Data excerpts
┄┄┄┄┄┄┄┄┄┄┄┄┄┄┄┄┄┄┄┄

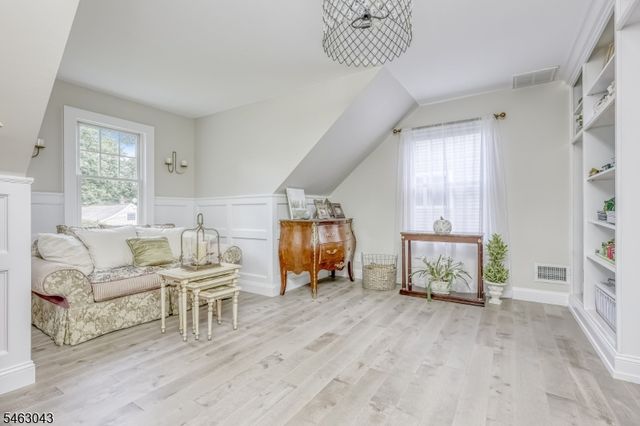 91 Spruce St, Midland Park Boro, NJ 07432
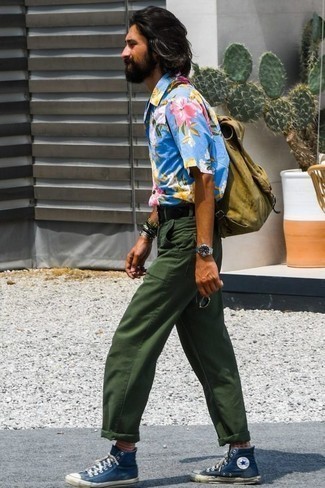 С чем носить синие высокие кеды из плотной ткани мужчине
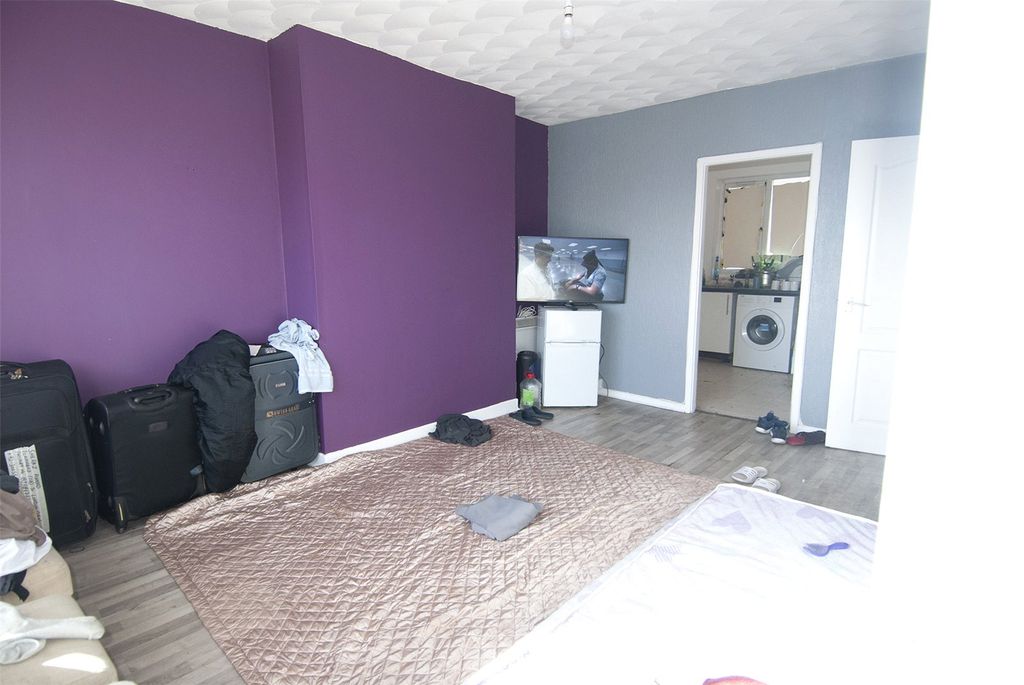 Property photo 2 of 13 Picture No. 12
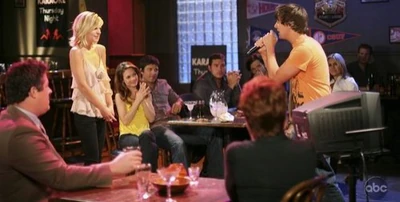 Spinelli serenades Maxie Jake's (2009)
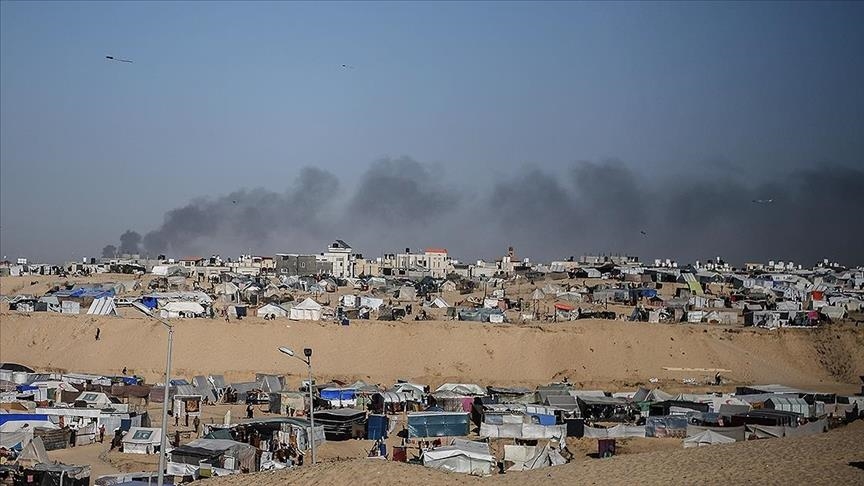 Mijëra palestinezë po migrojnë nga Khan Younis në rajonin Rafah për shkak të sulmeve izraelite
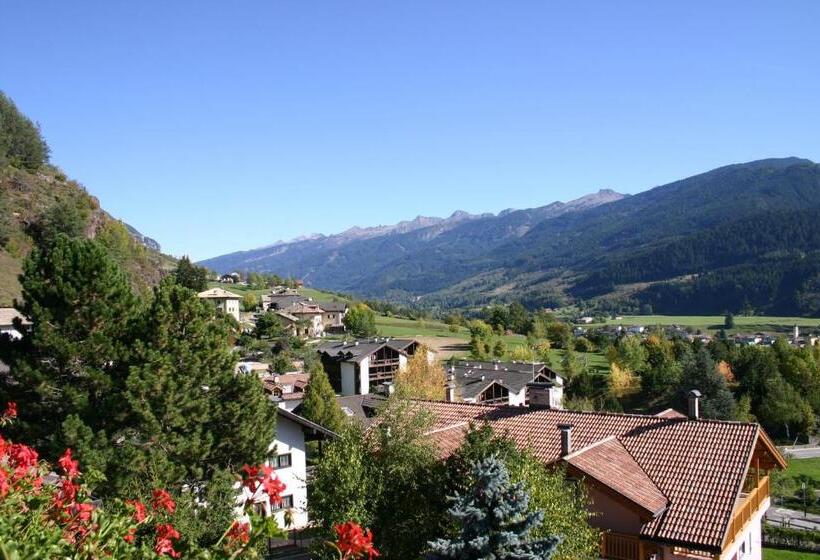 Апартаменты 3 Спальни, Villa Mirabell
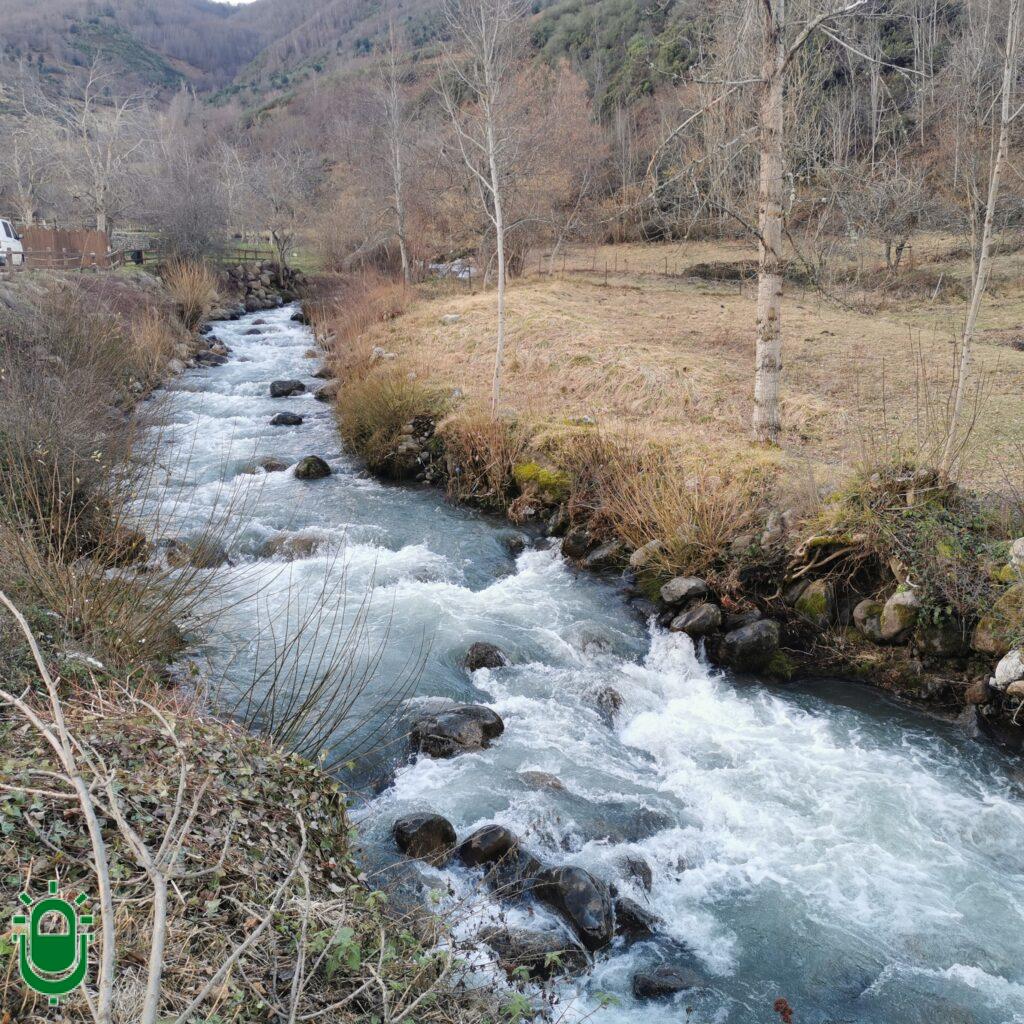 río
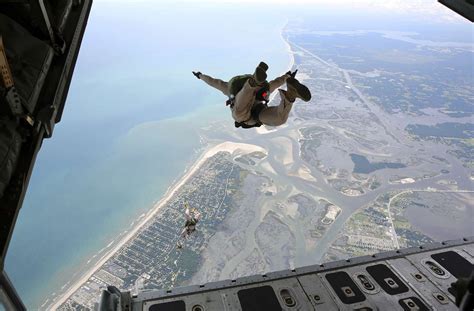 How To Become A Marine Parachute Rigger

┄┄┄┄┄┄┄┄┄┄┄┄┄┄┄┄┄┄┄┄

## EXERCISE INSTRUCTIONS:
Print once more, exactly, the lines that start at the top of the records above and end at the line with "Spinelli serenades Maxie Jake's (2009)", skipping all pictures.

## EXERCISE ANSWER:
 91 Spruce St, Midland Park Boro, NJ 07432
 С чем носить синие высокие кеды из плотной ткани мужчине
 Property photo 2 of 13 Picture No. 12
 Spinelli serenades Maxie Jake's (2009)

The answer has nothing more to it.